Weeks 8 and 9: Sharing Data as well as Code/Syntax

In week 8 of this course I discussed the importance of sharing data (when appropriate) and the code/syntax used to produce the results presented in a manuscript. This is something I have discussed in a prior blog post. Rather than dive into the details of how this can be accomplished I will instead ask the reader to imagine times they finished up a manuscript that included data analyses to submit for review. When analyzing data, you, the researcher, had (1) a data set, (2) knowledge of how that data set is organized, (3) knowledge of how all variables of interest were collected and/or computed, and (4) data analytic software that could access the data set and execute analyses of interest. All of the results you selected to present in your manuscript required code/syntax to generate. This code/syntax was either written by you, the researcher, or by the program you used if you opted to use drop down menus to make analytic selections.
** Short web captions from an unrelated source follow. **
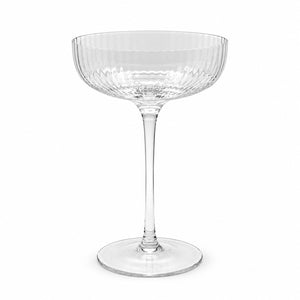 Ribbed clear coupe glass on a white background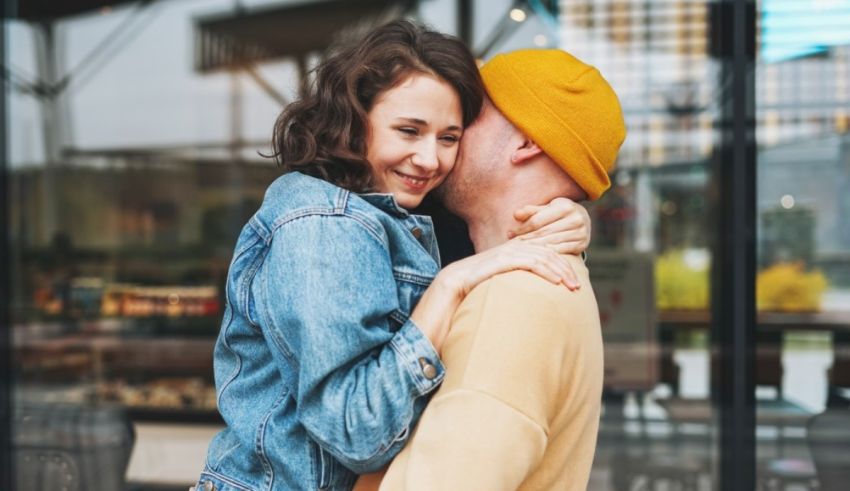 A man and woman hugging in front of a coffee shop.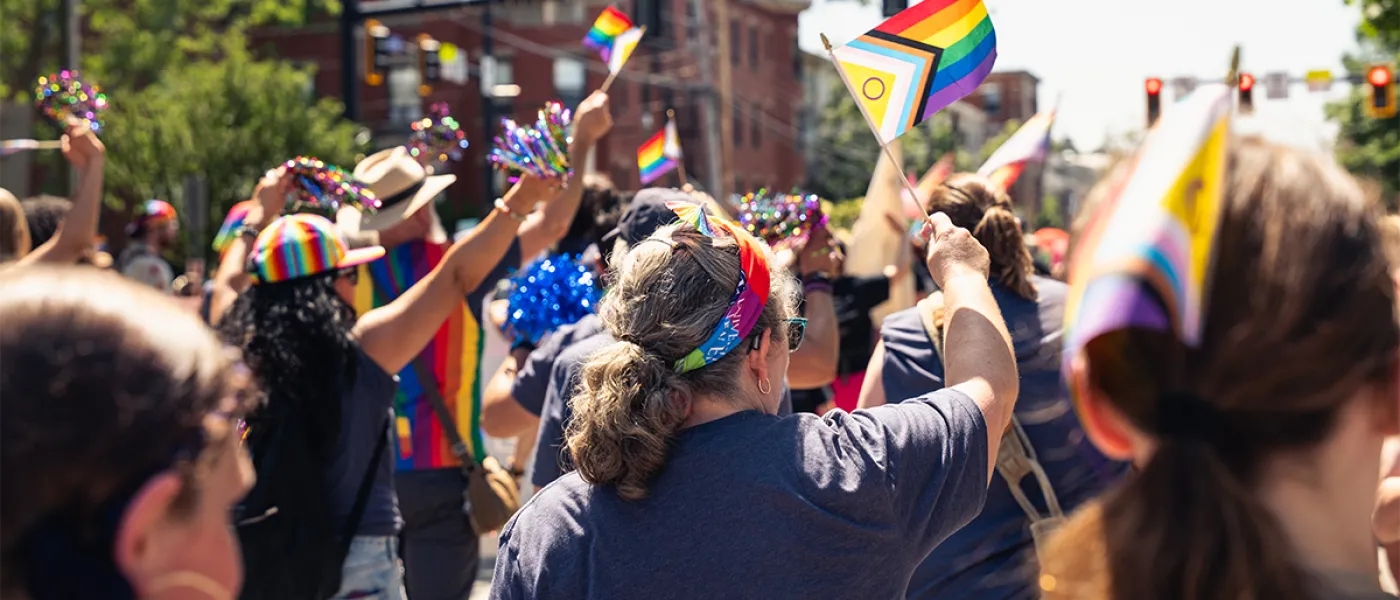 A group of U N E employees and students walking a Pride Parade in Maine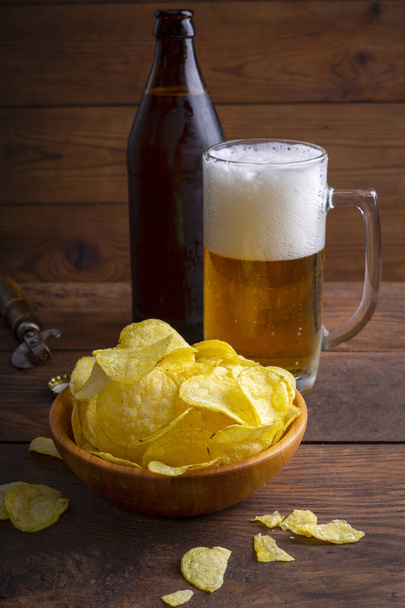 Glass of beer, potato chips in a bowl on a dark wooden background. - Photo, Image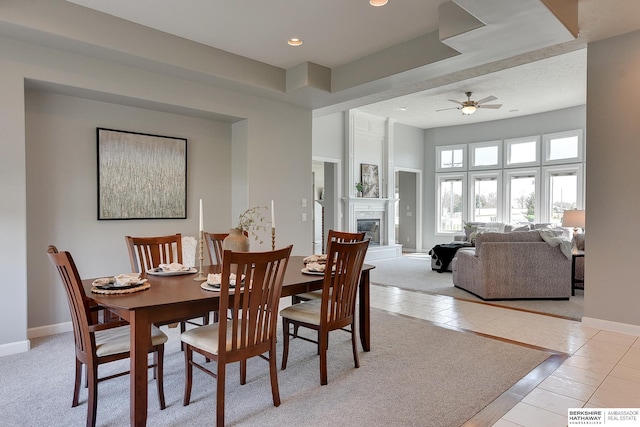 9901 S 176th St, Omaha, NE 68136 - dining room with light tile patterned flooring, baseboards, a glass covered fireplace, ceiling fan, and recessed lighting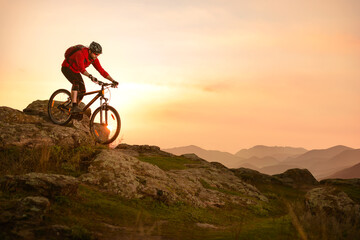 Obraz na płótnie Canvas Cyclist in Red Riding Bike on the Summer Rocky Trail at Sunset. Extreme Sport and Enduro Biking Concept.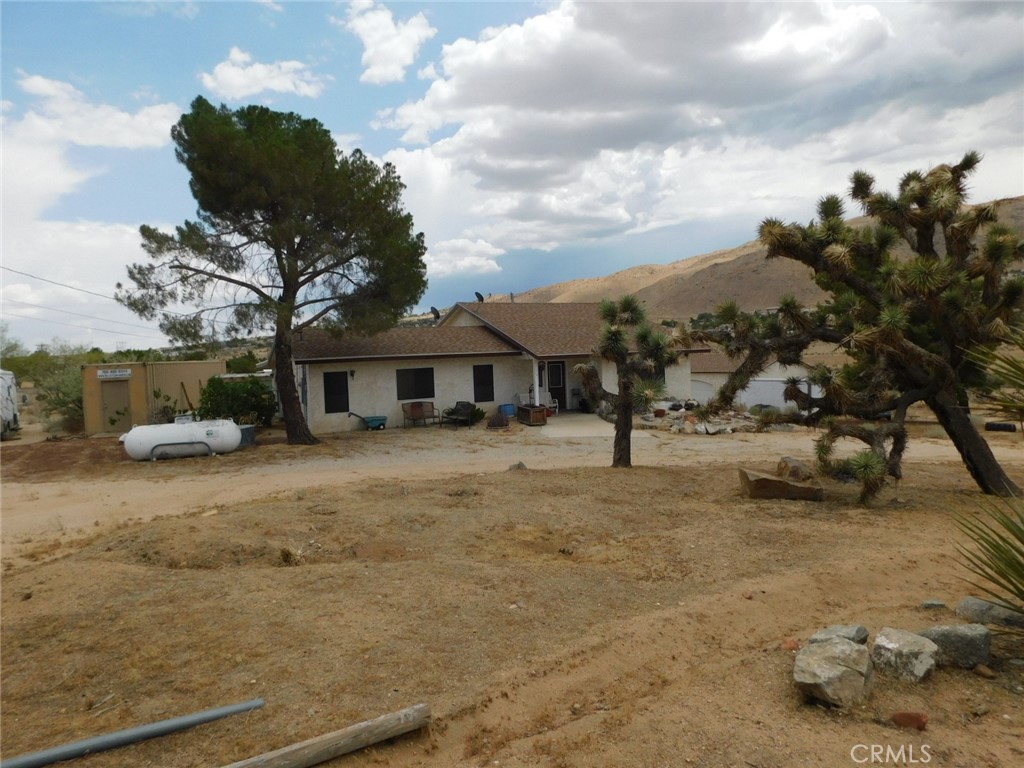 Here is a great starter home with plenty of room to add on and grow. Assessors says 1 bedroom 1 bath, however there is another area off the back that being used as a 2 bedroom. Older aged home that has had some updating. Kitchen has had a remodel with a farm sink small island, windows have already been changed out. Wood burning stove in the main bedroom. Large main bath with jacuzzi tub. Half bath off the living room. Nice large living room. Laundry closet in the kitchen. Nice dining area. Ceiling fans in the living room, dining area and the main bedroom. Tile floors throughout. Newer roof, Central heat and air. Nice usable 5 acres. Detached 3-car garage. 1 large container with electric, 1 medium sized container. Both stay with the property. Large shed and vegetable greenhouse. This home has a lot to offer someone who wants to live in the country and close to the city.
At any rate, prior to completing that manuscript to submit for peer review there was a time when you had access to and knowledge of the data set being analyzed as well as all of the code/syntax used to generate all of the results selected to be presented in your manuscript. The take home message from this lecture–share all of this information in some way so that others can evaluate and reproduce your results. A lot has been written and published on how to do this. So just do it.
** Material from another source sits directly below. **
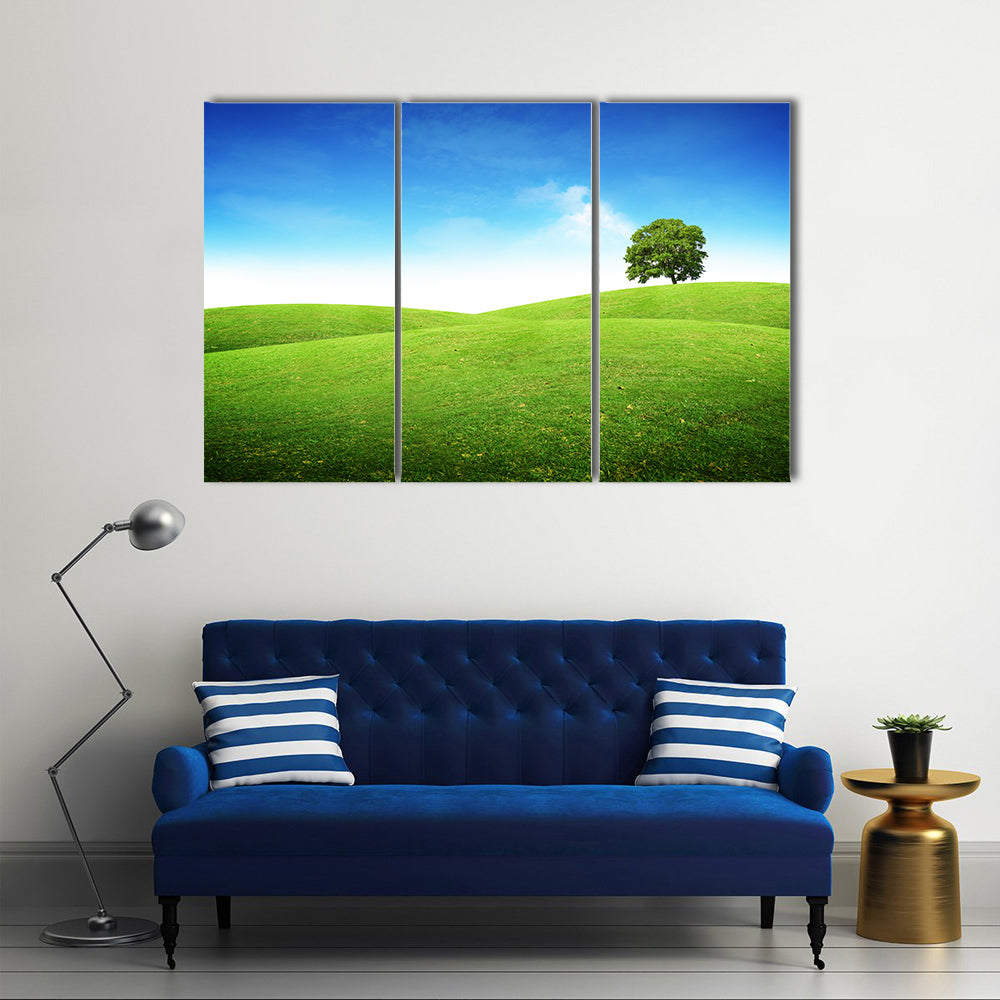 Lone Tree on Rolling Green Hills Canvas Wall Art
In week 9 I was fortunate to have Seth Green visit my class, who at that time was a Developer Advocate at Code Ocean. Code Ocean is one platform to share data and code such that others can re-run your analyses (or create their own analyses with your data) in the cloud without needing to download anything or have access to the multiple data analytic software platforms supported by this site. Also, once you are able to run your own analyses on this site and then share with others, the analyses will always run going forward. When preparing for this class I discovered that my 1 year old R code for a published paper would no longer run because of an update to a needed package that “broke the code” in a function that computed scale scores, and I have heard many others share stories of code no longer working after making updates to R, Rstudio, and/or packages to be used within R. I am guessing this issue exists for other data analytic platforms as well. A former graduate student in our graduate program, Dr. Rebecca Koessler, published a capsule on Code Ocean that you can review here.
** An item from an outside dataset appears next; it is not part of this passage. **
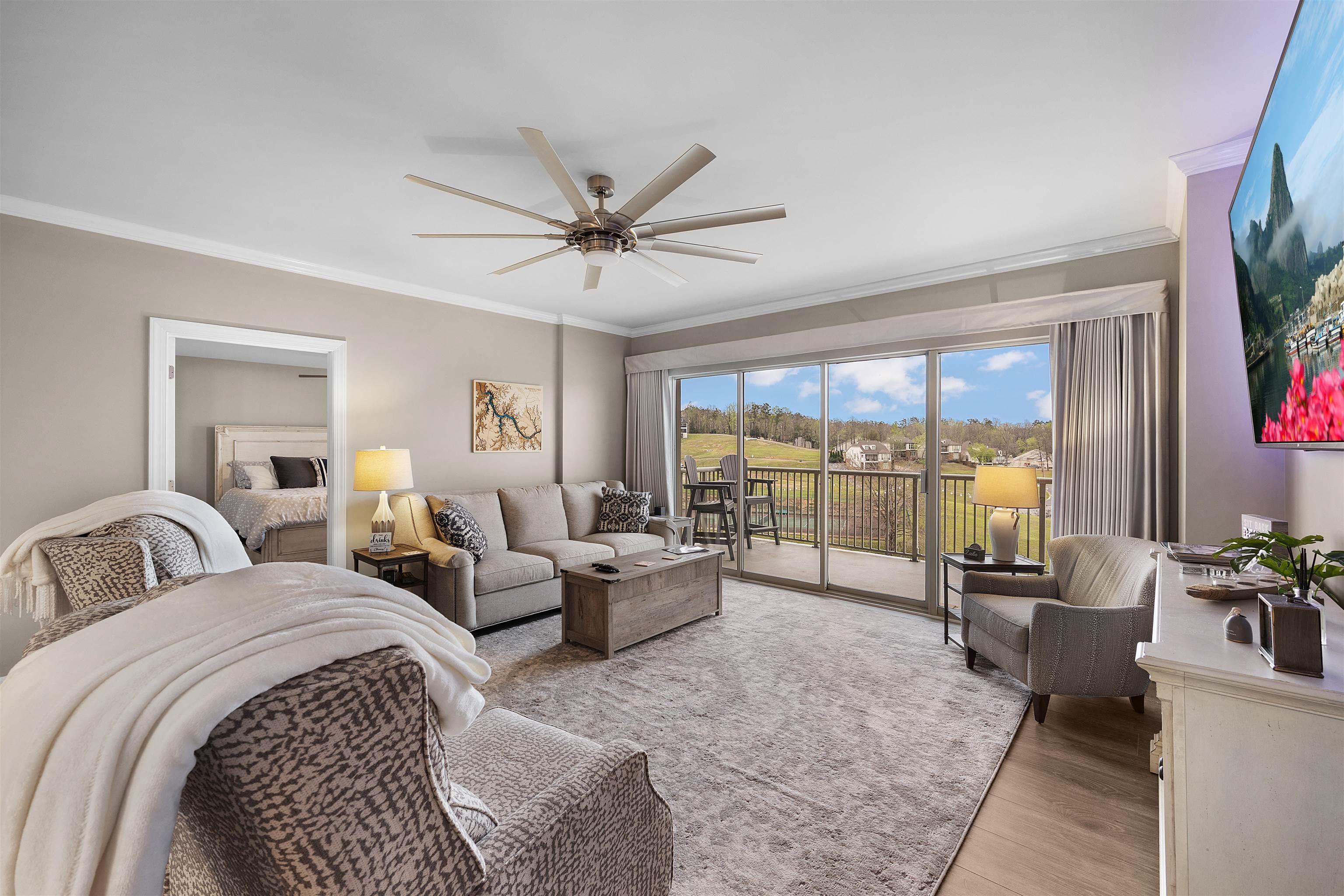 Image 3: Living area featuring crown molding, ceiling fan, and light wood-type flooring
Again, the take home message from this class was that data as well as code/syntax existed in a way for you, the researcher, to generate everything you placed in your manuscript and that with a little work it is fairly easy to share all of that with others for evaluation or reuse. I suggested that as a researcher one should adopt the mindset of being open by default and only withhold study information (in this case data as well as code/syntax) when a solid reason exists to do so. The traditional “closed by default” approach needs to be shelved.